Immunotherapy agents known as checkpoint inhibitors have shown considerable promise in patients with hematologic cancers who relapse after a transplant with donor stem cells. Preliminary results from the first clinical trial in these patients of one such agent – nivolumab – indicate that along with signs of effectiveness, it also produced significant side effects at the dose initially studied. The findings indicate a need for further clinical trials in this group before being considered for off-label use with these patients, Dana-Farber Cancer Institute investigators report.
Results from the investigator-initiated, multicenter study, which were presented at an oral abstract session at the 59th American Society of Hematology (ASH) Annual Meeting and Exposition in Atlanta also include encouraging follow-up data from a trial in which the checkpoint inhibitor ipilimumab produced responses in nearly one-third of patients with relapsed hematologic malignancies after an allogeneic (donor) stem cell transplant.
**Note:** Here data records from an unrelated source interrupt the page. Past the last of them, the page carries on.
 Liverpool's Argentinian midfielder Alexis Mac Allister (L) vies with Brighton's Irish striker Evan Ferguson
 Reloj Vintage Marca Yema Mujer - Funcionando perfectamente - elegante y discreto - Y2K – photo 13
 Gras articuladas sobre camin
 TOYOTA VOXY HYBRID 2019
The trial of nivolumab – which blocks a protein called PD-1 that can blunt the immune system’s attack on cancer – was spurred by retrospective studies that showed that the drug could be effective but often produced harsh side effects, including graft-versus-host disease, a disorder in which immune system cells in transplanted tissue attack a patient’s healthy cells. The first six patients in the trial received a dose of 1 mg/kg of body weight. While a patient with lymphoma responded well to the treatment, several others experienced adverse side effects, including two who died of complications that were possibly treatment-related. The next eight participants received a 0.5 mg/kg dose, and the occurrence of significant side effects appears to be less so far, researchers report.
“We’re now exploring whether this lower dose is safe and efficacious,” says the study’s lead author, Matthew Davids, MD, MMSc, Associate Director, Center for Chronic Lymphocytic Leukemia, Dana-Farber Cancer Institute. “Because of toxicity concerns, we emphasize that treating patients with nivolumab post-transplant should be done in the context of a clinical trial, not off-label.”
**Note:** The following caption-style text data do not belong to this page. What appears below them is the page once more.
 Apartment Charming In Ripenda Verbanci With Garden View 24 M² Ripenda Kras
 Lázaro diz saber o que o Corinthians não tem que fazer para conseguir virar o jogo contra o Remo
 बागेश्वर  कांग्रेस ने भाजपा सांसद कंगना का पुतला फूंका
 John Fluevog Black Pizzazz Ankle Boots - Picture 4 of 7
In the ipilimumab trial – results of which were published last year in the New England Journal of Medicine – many of the participants continue to fare well, Davids remarks. The NEJM paper reported that 32 percent of patients treated with a 10 mg/kg dose responded to the drug after relapsing from an allogeneic stem cell transplant, while none of those receiving a 3 kg/mg dose did. At the ASH meeting, researchers will report that of the 22 patients treated at the 10 mg/kg level, nine remain alive and three are free of disease progression a median of 15 months after the trial ended. One of the patients with leukemia cutis remains in complete remission more than three years from initial dosing.
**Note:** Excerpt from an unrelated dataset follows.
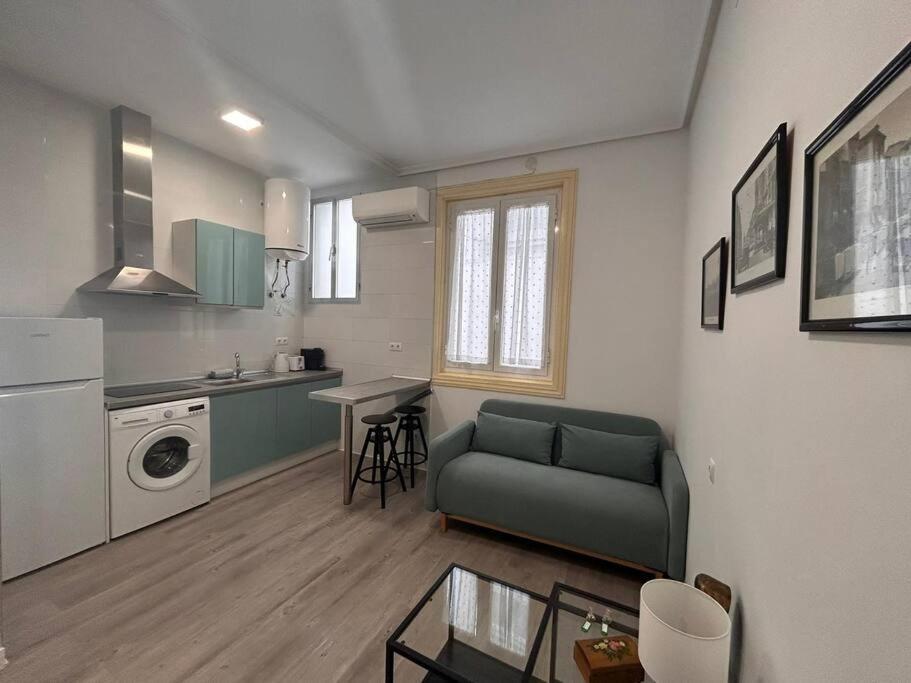 Apartment Cozy In Gran Via For 4 People.s2a3 Madrid
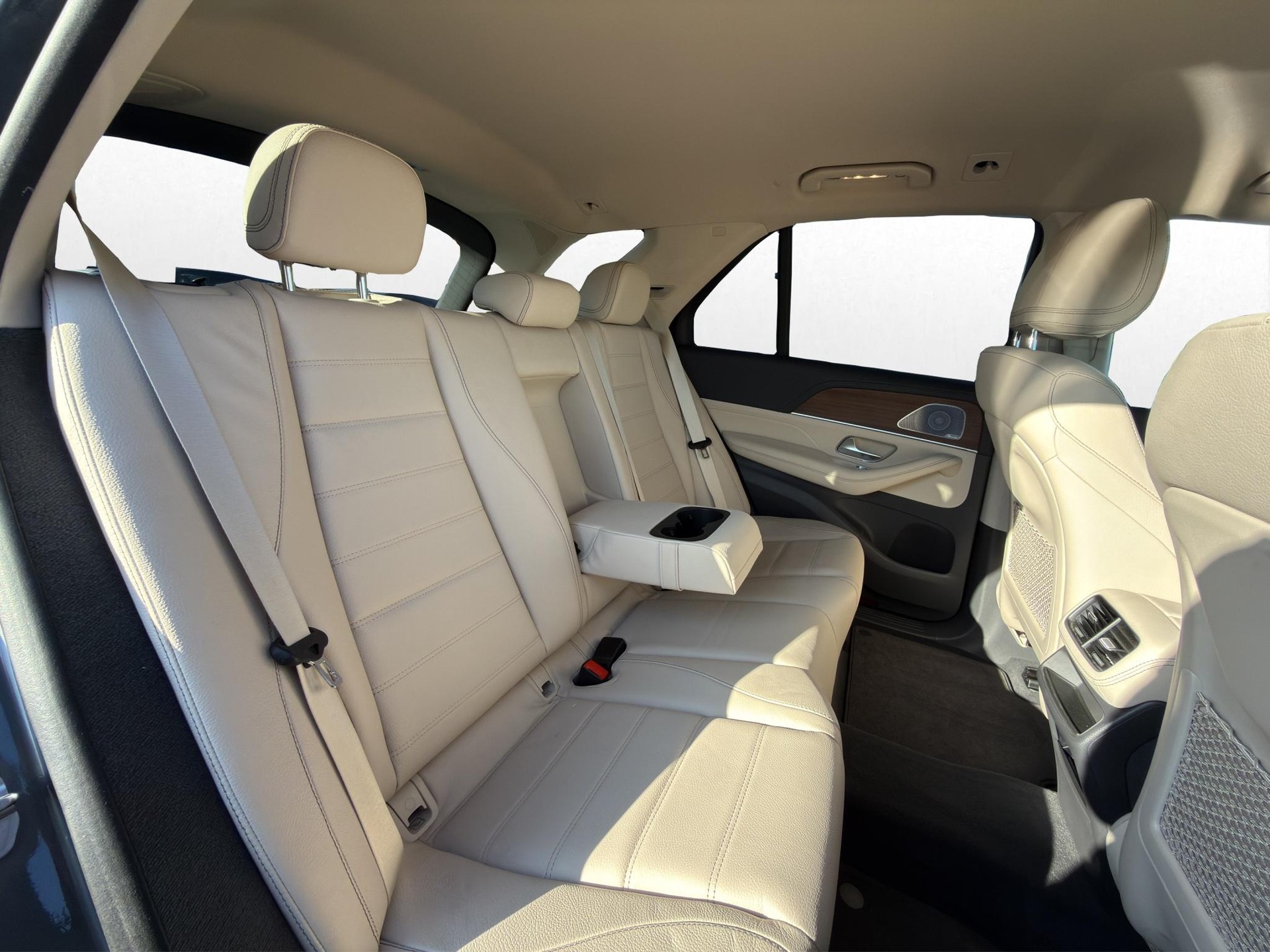 MERCEDES-BENZ GLE 350 d AMG Line 4matic-image-29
Because of the divergence of results at the 10 and 3 mg/kg levels, investigators have also been testing a mid-range dose of 5 mg/kg to determine if it strikes the right balance of efficacy and safety. In the 15 patients treated at 5 mg/kg, efficacy appeared to be slightly less than at the 10 mg/kg dose, while the toxicities were “fairly equivalent,” Davids remarks. These results indicate that 10 mg/kg is probably the optimal dose for this group of patients, he adds.